October Retail Sales and Import Prices and November Philadelphia Fed Manufacturing Index

KEY DATA: Sales: +0.8%; Ex-Vehicles: +0.7%/ Imports: 0.5%; Nonfuel: +0.2%/ Philly Fed BOS: -9.3 points; Orders: -10.2 points

IN A NUTSHELL: “Despite October’s strong consumer spending, there are some signs that the economy may be slowing.”

WHAT IT MEANS: The consumer has to keep spending if growth is to remain anywhere near 3% and households did just that in October. Retails sales rose more than expected, but before we start expecting another quarter of great growth, it should be recognized that rebuilding from the hurricanes and replacement of lost vehicles might have played a major role in the strong increase. We saw a surprising pick up in vehicle sales and that showed up in the retail sales data. In addition, there was a surge in spending on building materials. Finally, the gain was hyped by a surge in gasoline purchases that was likely price related. The measure that closely aligns with GDP consumption, which is retail sales excluding the above listed components, as well as food, rose more modestly. Still, sales of electronics and appliances were strong, so there is some underlying strength in the data.

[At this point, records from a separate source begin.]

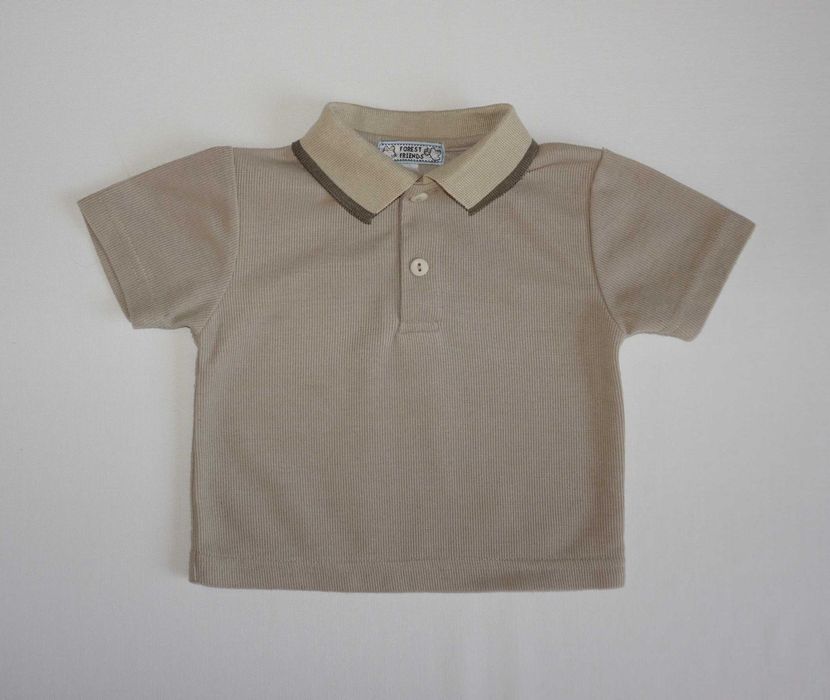 Bluzeczka polo  74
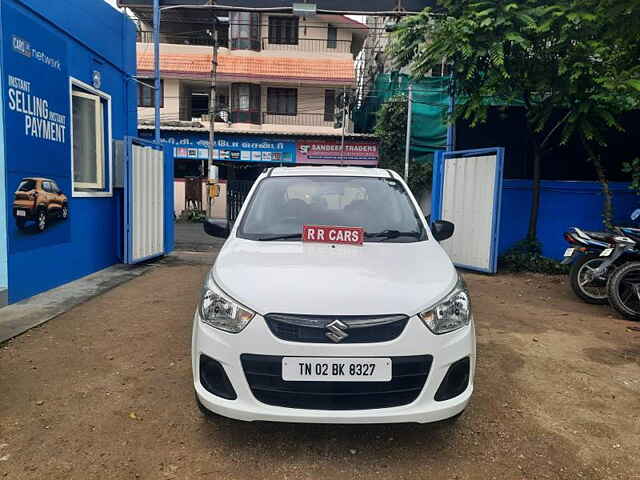 Second Hand Maruti Suzuki Alto K10 [2014-2020] VXi AMT [2014-2018] in Coimbatore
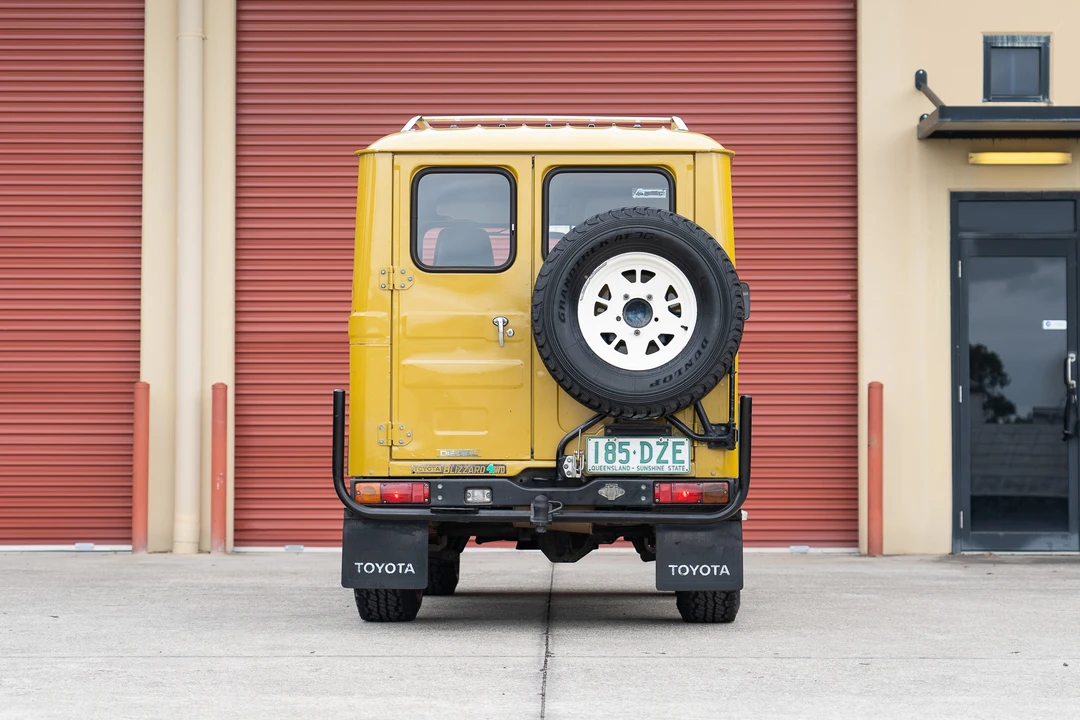 1982 Toyota Trekker - Image 7 of 31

As long as the Fed continues its march to neutral, inflation will remain a key issue. If it stays moderate, the FOMC may not have to go above neutral, as the Committee indicated is possible. Well, import prices rose solidly in October but much of that came from a jump in energy costs. Removing fuel, the rise was moderate. And since oil costs have cratered, much of the gain in the overall index will be backed out in November. For consumers, though, there is a warning as food prices jumped for the second consecutive month. That should show up in retail prices soon.

 While the focus has been on the consumer and inflation, a possible softening in the manufacturing sector may be seen in the below the radar data. The Philadelphia Fed’s manufacturing index dropped sharply in early November. Order growth decelerated significantly as well. The sector is still expanding, but more moderately. And expectations are starting to falter as well.

Jobless claims edged upward, but remain low. There are no signs that the labor market is cooling.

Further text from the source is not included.